Friday, January 8, 2016

In The Spirit Of Muhammad (Revelation 19:20)

Tarek Fatah
Tuesday, January 05, 2016, 6:40 PM
The idiom “pot calling the kettle black” was perfectly illustrated by Islamic Iran’s outrage over the public executions of 47 people by Islamic Saudi Arabia on Jan. 2.
Since 1979, Iran has executed tens of thousands of political dissidents, most infamously its state-sponsored execution of at least 5,000 political prisoners across Iran in the summer of 1988.
Decades later the Iranian Islamic regime still makes a public spectacle of hanging political prisoners in city squares, using cranes to magnify the image of men writhing as they die a slow death by strangulation.

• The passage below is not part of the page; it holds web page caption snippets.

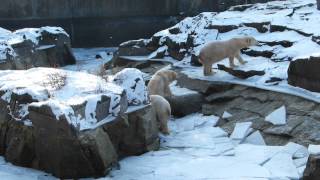 Glitter Snow in Zoo Berlin [upl. by Wagstaff]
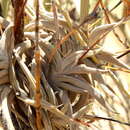 Image of Tillandsia gilliesii subsp. gilliesii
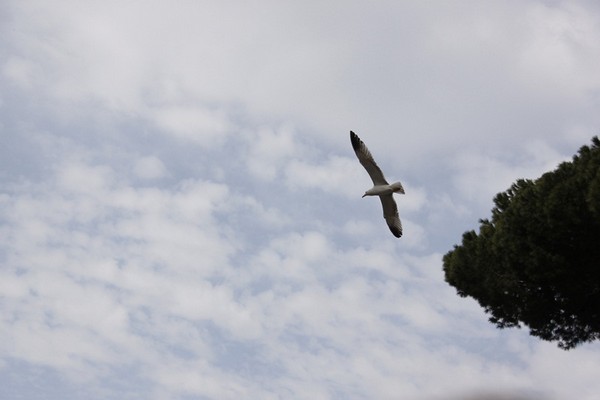 Maratona di Roma (18/03/2012) 0014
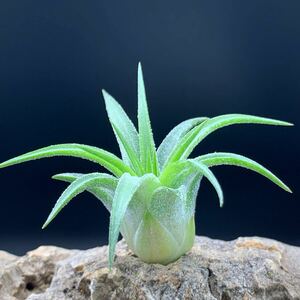 Tillandsia 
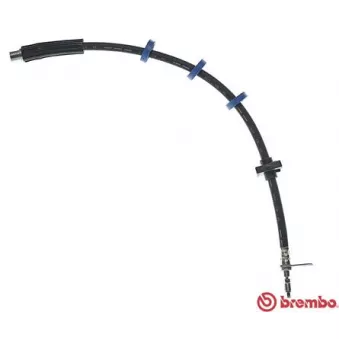 Flexible de frein BREMBO T 61 034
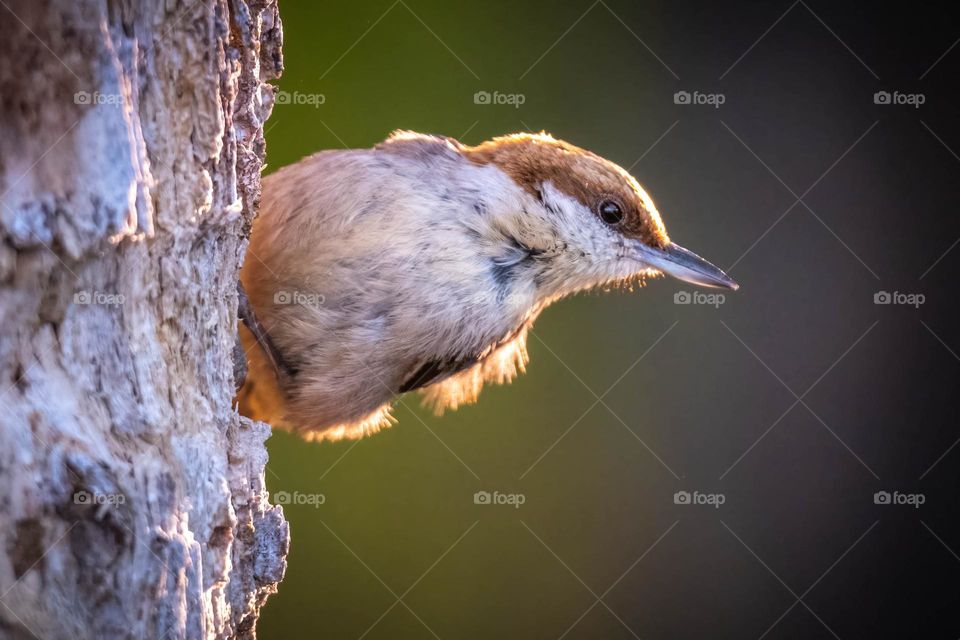 Brown-headed nuthatch backlit by the sun. 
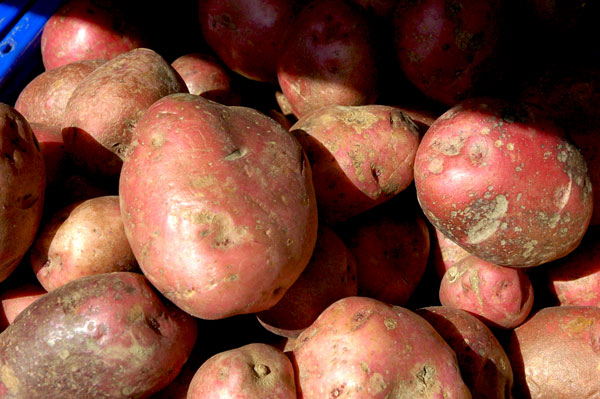 French_Fingerlings_Norwich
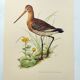Antique bird print from the 1960s - Black-tailed Godwit - Illustration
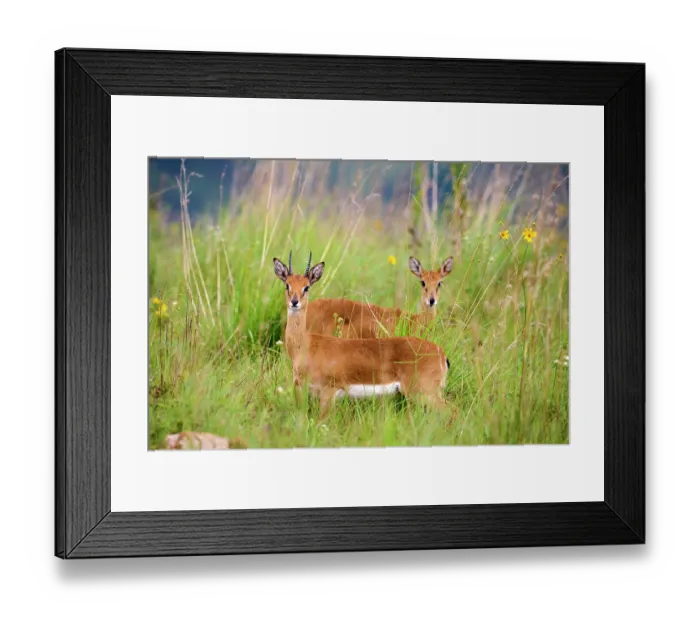 Framed Print : Oribi antelopes (Ourebia ourebi) pair standing in tall grass, Akagera National Park, Rwanda Framed Print : Oribi antelopes (Ourebia ourebi) pair standing in tall grass, Akagera National Park, Rwanda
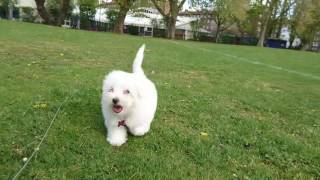 Coton de Tulear puppy diary  Week 3 Park [upl. by Anisah]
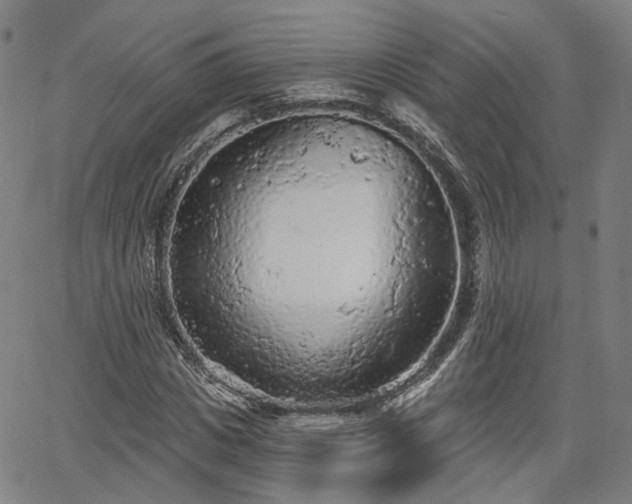 X0000065970825200603101355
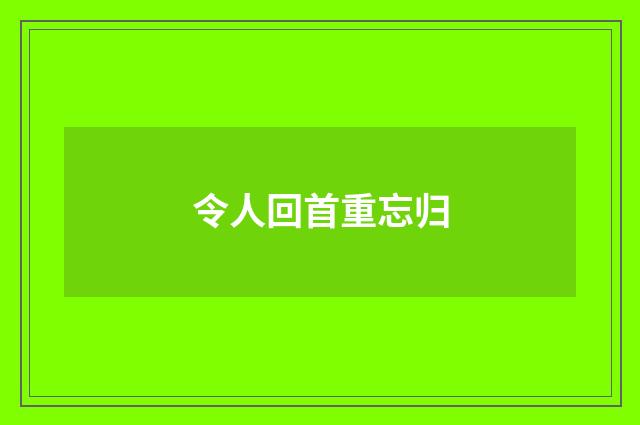 令人回首重忘归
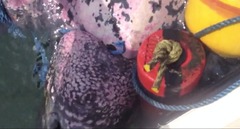 Dermochelys coriacea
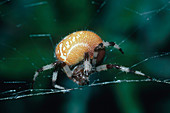 Shamrock Spider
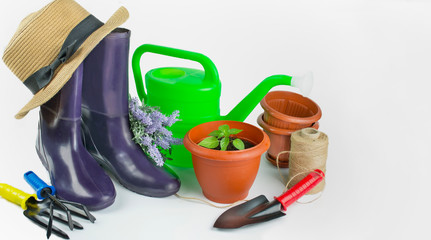 Gardening. A set of garden tools, a watering can for flowers, rubber boots and a sapling on a light background. The concept of spring. Copy space.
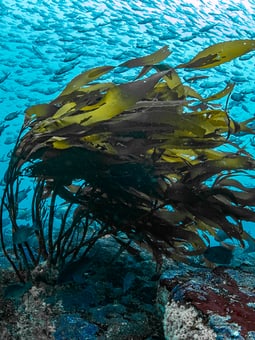 Diving Mood_Francis_Perez_09.jpeg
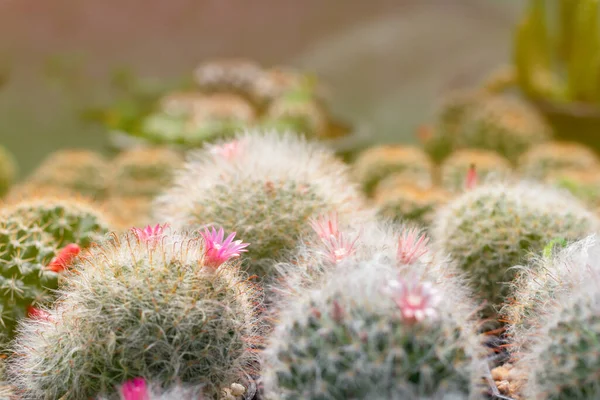 Olika Kaktus Och Saftig Tillväxt Kruka Trähylla Butik Liten Anläggning — Stockfoto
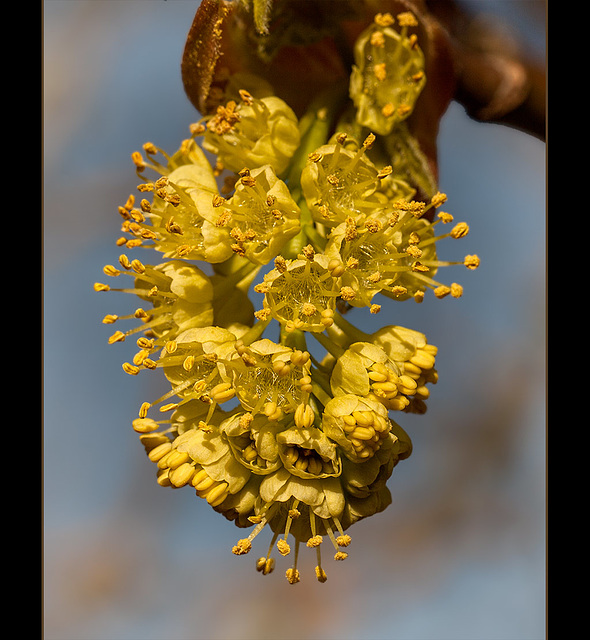 Tree Blossoms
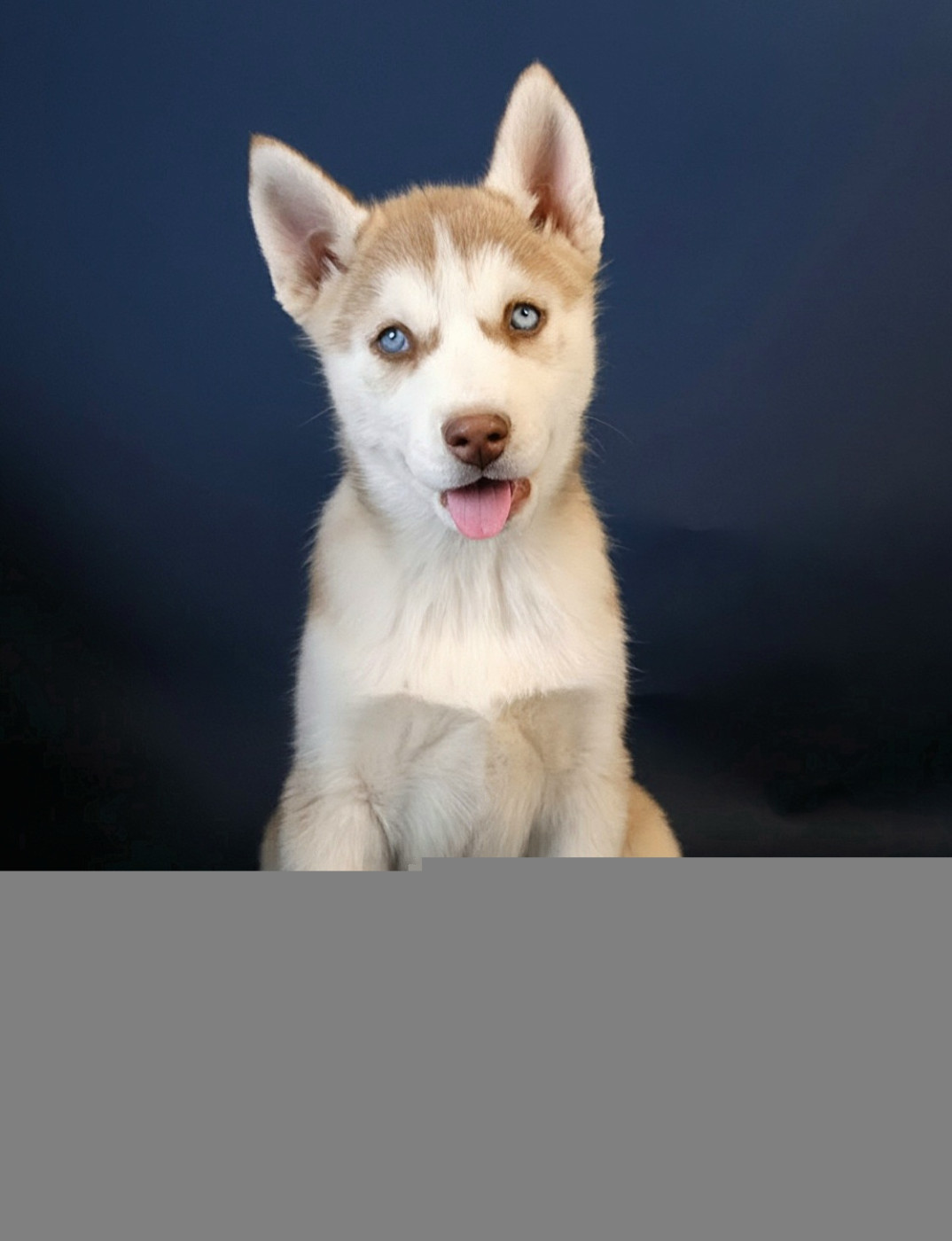 A Ton étoile - Chiots disponibles - Siberian Husky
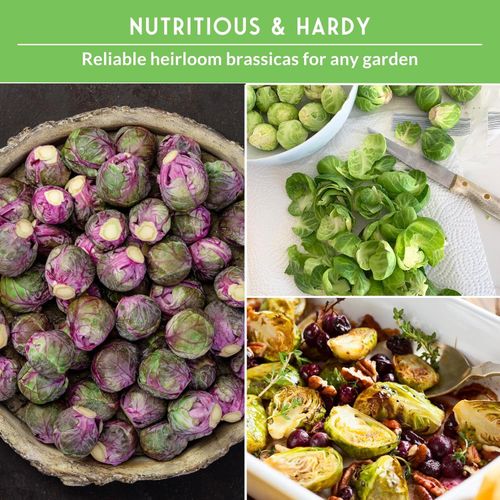 🌱Mini Cabbage Seeds-200 Seeds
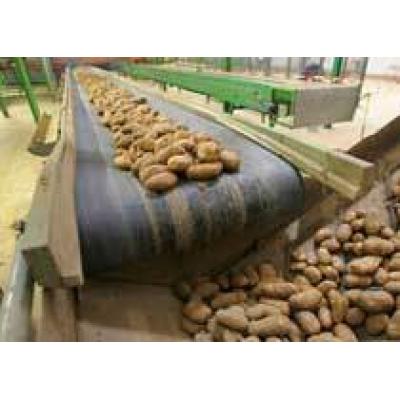 Украина запретила импорт картошки и лука из Европы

The fact Iran is the only Mideast country that carries out more executions than Saudi Arabia annually and globally is second only to China — was lost on Iran’s Supreme Leader Ayatollah Ali Khamenei, who in a fit of contrived self-righteousness warned, “divine vengeance will befall Saudi politicians” for carrying out the executions.
According to Amnesty International, at least 151 people were executed in Saudi Arabia during 2015.
While Amnesty does not cite figures for Iranian executions in 2015, it quotes “reliable sources” putting the number at 743 executions, at least, in 2014.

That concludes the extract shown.